◆ THE TASK: Gather every line in the records below that contains the word "with".

◆ RECORDS:
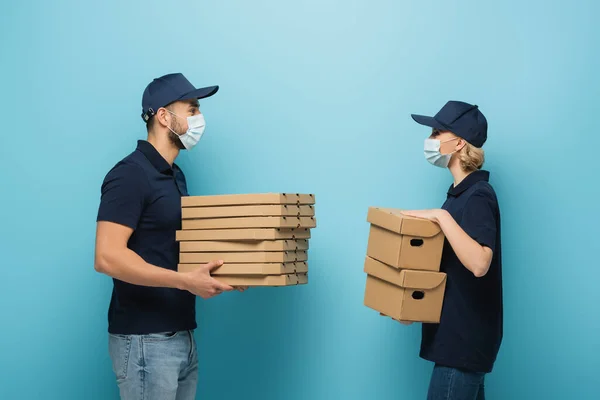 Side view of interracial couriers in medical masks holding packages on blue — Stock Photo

...

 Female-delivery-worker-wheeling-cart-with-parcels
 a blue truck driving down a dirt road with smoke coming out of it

◆ COMPLETED TASK:
 Female-delivery-worker-wheeling-cart-with-parcels
 a blue truck driving down a dirt road with smoke coming out of it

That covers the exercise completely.